I know. I was in a bit of a hurry to make that vid.


----------



## Diablo (Dec 20, 2007)

3rd sounded slightly better to me, but it could be newer strings or something.

As someone who owns a lot of different guitars incl. Gibsosn and Epiphones, I roll my eyes when I hear someone rave about the vast differences in tone relative to the money they just spent on their axe. If its there, I cant hear it. But if it psyches you to play better or more often, then, why not.


----------



## traynor_garnet (Feb 22, 2006)

No offense, but how can we really make such distinctions based upon compressed audio, recorded with a camera mic, played through a cheap SS practice amp?

I'm not trying to be a smartass, but there are too many limitations here to really draw any type of meaningful conclusion. I say this as someone who owns/owned both expensive and inexpensive guitars; good guitars are good guitar regardless of price, but this "test" doesn't offer any decisive conclusions.
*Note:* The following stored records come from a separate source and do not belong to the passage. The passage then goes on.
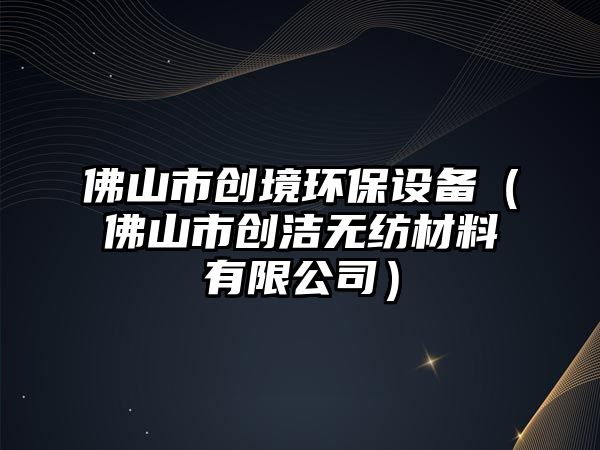 佛山市創(chuàng)境環(huán)保設(shè)備（佛山市創(chuàng)潔無(wú)紡材料有限公司）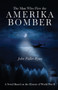 The Man Who Flew the Amerika Bomber by John Fuller Ryan - Paperback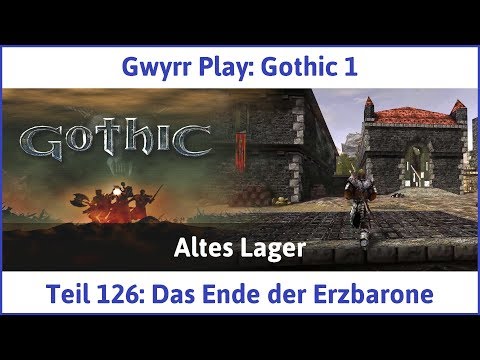 Gothic 1 Teil 126: Das Ende der Erzbarone - Let's Play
Nonetheless, an interesting video.

TG


----------



## hollowbody (Jan 15, 2008)

traynor_garnet said:


> No offense, but how can we really make such distinctions based upon compressed audio, recorded with a camera mic, played through a cheap SS practice amp?
> 
> I'm not trying to be a smartass, but there are too many limitations here to really draw any type of meaningful conclusion. I say this as someone who owns/owned both expensive and inexpensive guitars; good guitars are good guitar regardless of price, but this "test" doesn't offer any decisive conclusions.
> 
> ...


I definitely agree with this. In fact, I was thinking about it while I was listening to the video. The sound quality could definitely be better and might have a lot of bearing on the actual outcome. 

Having said that, I still feel that the 3rd guitar sounded noticeably better (to my ears) than the other two, and I'm pretty sure that that difference would be as noticeable, if not more so, if we had higher quality sound.


----------



## aC2rs (Jul 9, 2007)

Based on that clip I would say number 3


----------



## GTFPDQ (Oct 31, 2007)

I have to go with #3. Sounds cleaner, nicer tone. 
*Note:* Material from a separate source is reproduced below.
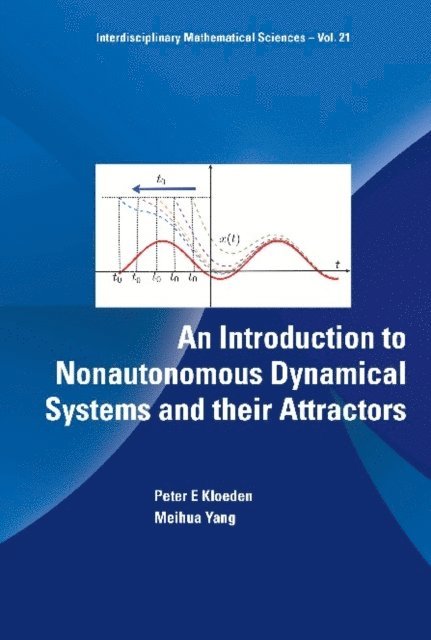 Yang Meihua Yang, Kloeden Peter Kloeden - Introduction To Nonautonomous Dynamical Systems And Their Attractors, An, E-bok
#2 certainly had a string just out of tune. #1 sounded good but a bit too crisp for me.

I dont mind if #1 or #3 are the Gibby or the Epi. Im trying to make up my mind about buying an Epi or splurging on a Gibson. 

When do we get to find out?


----------



## torndownunit (May 14, 2006)

traynor_garnet said:


> No offense, but how can we really make such distinctions based upon compressed audio, recorded with a camera mic, played through a cheap SS practice amp?
> 
> I'm not trying to be a smartass, but there are too many limitations here to really draw any type of meaningful conclusion. I say this as someone who owns/owned both expensive and inexpensive guitars; good guitars are good guitar regardless of price, but this "test" doesn't offer any decisive conclusions.
> 
> ...


I agree... but... if all guitars are on the same level playing field, you should still be able to discern differences between them. And if you were going by how much you spend, you should still notice a big difference relative to. Which is likely one of the 'goals' of the comparison. 

To add another 'but' though, the annoying delay effect should not be used. I don't think the amp sounds that bad nor does the audio for the video (for what it is). But that delay affect really messes up your ability to pick up some of the more natural tones of the guitar.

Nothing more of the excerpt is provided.